Было уже темно. Олег решил воспользоваться этим обстоятельством, чтобы прогуляться. Ветерок выдувал из его головы всё ненужное, вечерняя прохлада и запахи цветущей зелени бодрили не хуже энергетиков. Недаром столько говорят о пользе прогулок на свежем воздухе. Это работает! Савченко прошелся вдоль проспекта, постепенно подстраиваясь под свой недуг. Таблетки неплохо справлялись с тянущей болью, но иногда люмбаго напоминало о грыже. Резкий поворот или наклон, и прострел, словно ограничитель, предупреждает — дальше нельзя. Олег заново знакомился с возможностями своего тела.

Минск неплохо смотрелся и в темное время суток. Монументальные здания с архитектурной подсветкой; открытые веранды кафе, украшенные фонарями. Музыка, гомон, звуки машин. Лето в столице, народ гуляет. Красивые и, кажется, приветливые люди. Глядя на всё это, Олег будто оживал. Броуновское движение, диффузия, тепловое равновесие… Законы физики, в отличие от человеческих, одинаковы для всех. Жизнь кипела, и Олег вместе с ней. 

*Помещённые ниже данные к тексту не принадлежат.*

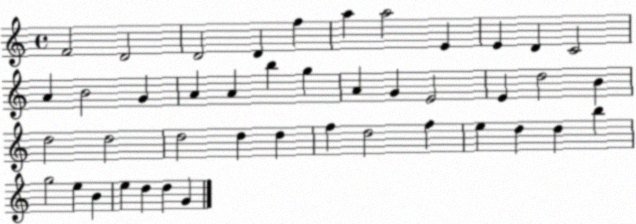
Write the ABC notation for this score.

X:1
T:Untitled
M:4/4
L:1/4
K:C
F2 D2 D2 D f a a2 E E D C2 A B2 G A A b g A G E2 E d2 B d2 d2 d2 d d f d2 f e d d b g2 e B e d d G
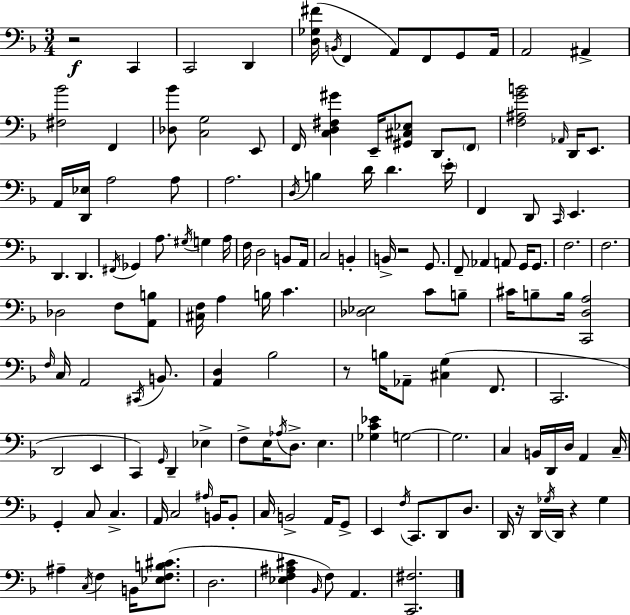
R/h C2/q C2/h D2/q [D3,Gb3,F#4]/s B2/s F2/q A2/e F2/e G2/e A2/s A2/h A#2/q [F#3,Bb4]/h F2/q [Db3,Bb4]/e [C3,G3]/h E2/e F2/s [C3,D3,F#3,G#4]/q E2/s [G#2,C#3,Eb3]/e D2/e F2/e [F3,A#3,G4,B4]/h Ab2/s D2/s E2/e. A2/s [D2,Eb3]/s A3/h A3/e A3/h. D3/s B3/q D4/s D4/q. E4/s F2/q D2/e C2/s E2/q. D2/q. D2/q. F#2/s Gb2/q A3/e. G#3/s G3/q A3/s F3/s D3/h B2/e A2/s C3/h B2/q B2/s R/h G2/e. F2/e Ab2/q A2/e G2/s G2/e. F3/h. F3/h. Db3/h F3/e [A2,B3]/e [C#3,F3]/s A3/q B3/s C4/q. [Db3,Eb3]/h C4/e B3/e C#4/s B3/e B3/s [C2,D3,A3]/h F3/s C3/s A2/h C#2/s B2/e. [A2,D3]/q Bb3/h R/e B3/s Ab2/e [C#3,G3]/q F2/e. C2/h. D2/h E2/q C2/q G2/s D2/q Eb3/q F3/e E3/s Ab3/s D3/e. E3/q. [Gb3,C4,Eb4]/q G3/h G3/h. C3/q B2/s D2/s D3/s A2/q C3/s G2/q C3/e C3/q. A2/s C3/h A#3/s B2/s B2/e C3/s B2/h A2/s G2/e E2/q F3/s C2/e. D2/e D3/e. D2/s R/s D2/s Gb3/s D2/s R/q Gb3/q A#3/q C3/s F3/q B2/s [Eb3,F3,B3,C#4]/e. D3/h. [Eb3,F3,A#3,C#4]/q Bb2/s F3/e A2/q. [C2,F#3]/h.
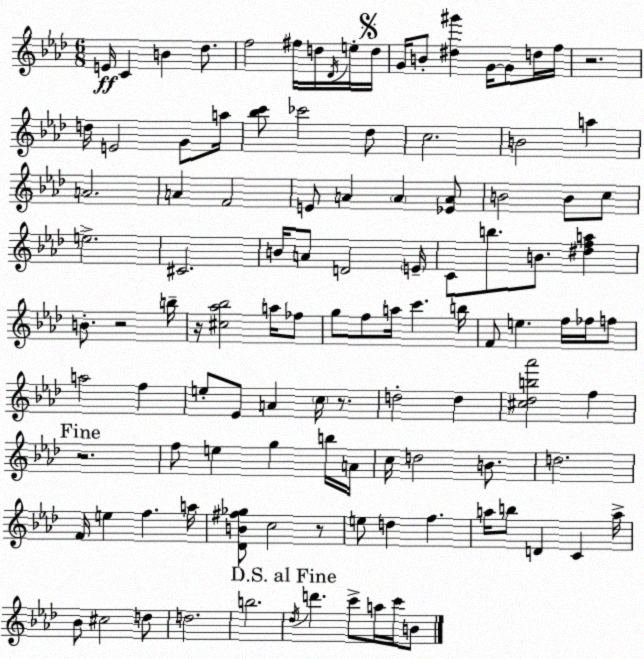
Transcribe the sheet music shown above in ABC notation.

X:1
T:Untitled
M:6/8
L:1/4
K:Ab
E/4 C B _d/2 f2 ^f/4 d/4 _D/4 e/4 d/4 G/4 B/2 [^d^g'] G/4 G/2 d/4 f/4 z2 d/4 E2 G/2 a/4 [_bc']/2 _c'2 _d/2 c2 B2 a A2 A F2 E/2 A A [_EA]/2 B2 B/2 c/2 e2 ^C2 B/4 A/2 D2 E/4 C/2 b/2 B/2 [^dfa] B/2 z2 b/4 z/4 [^c_a_b]2 a/4 _f/2 g/2 f/2 a/4 c' b/4 F/2 e f/4 _f/4 f/2 a2 f e/2 _E/2 A c/4 z/2 d2 d [^c_db_a']2 f z2 f/2 e g b/4 A/4 c/4 d2 B/2 d2 F/4 e f a/4 [_DB^f_g]/2 c2 z/2 e/2 d f a/4 b/2 D C a/4 _B/2 ^c2 d/2 d2 b2 _d/4 d' c'/2 a/4 c'/4 B/2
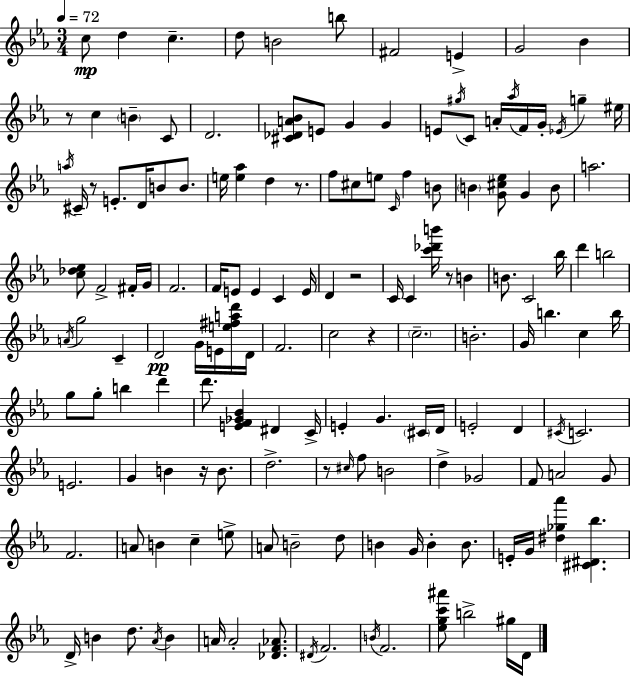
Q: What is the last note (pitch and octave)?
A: D4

Он не хотел есть, не хотел алкоголь, не хотел уходить слишком далеко от дома, но и возвращаться домой тоже не хотел. Справа — кинотеатр. Идеально. Комедия. То что нужно.

Пока готовился большой американо без сахара, Савченко разглядывал витрину со сладостями. Пришлось трижды перечитать название одного десерта, прежде чем он понял, что это "творожный брауни", а не "тревожный".  Он связал обман зрения со своим состоянием, и был абсолютно прав. Далее — удобное кресло в полупустом зале. Голливудская картина в русской озвучке. Легко, местами забавно. Олег смеялся.

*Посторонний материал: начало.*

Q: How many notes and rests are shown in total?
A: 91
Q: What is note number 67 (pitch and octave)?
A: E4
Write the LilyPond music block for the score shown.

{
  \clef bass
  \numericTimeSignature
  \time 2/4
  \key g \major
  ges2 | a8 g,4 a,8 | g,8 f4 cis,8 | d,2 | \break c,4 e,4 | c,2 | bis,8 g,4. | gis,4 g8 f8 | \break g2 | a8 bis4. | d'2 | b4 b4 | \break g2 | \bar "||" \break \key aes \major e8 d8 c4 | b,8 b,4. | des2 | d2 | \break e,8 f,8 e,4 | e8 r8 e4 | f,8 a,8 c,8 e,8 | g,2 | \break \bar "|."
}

Наверное, и к лучшему, что Савченко не следил за тем, что творилось в Москве. Он, конечно, выходил в сеть, чтобы заказать доставку еды, например, он видел заголовки новостей, но не московских, а минских. Так уж устроены поисковики, — по умолчанию предлагают новости того региона, в котором вы находитесь. При желании, получать сводки с родины — не проблема. Просто желания такого у Олега не возникало. Он выпал из всех процессов, прервал все контакты, самоустранился. Да и к лучшему, наверное. Для его нынешнего состояния уж точно. 

Комедия закончилась, но Олег хотел еще. Через несколько минут начнется последний на сегодня сеанс. Неважно какой фильм. Он купил билет. Снова большой американо без сахара и удобное кресло в почти пустом зале. Глупый боевик. Годится.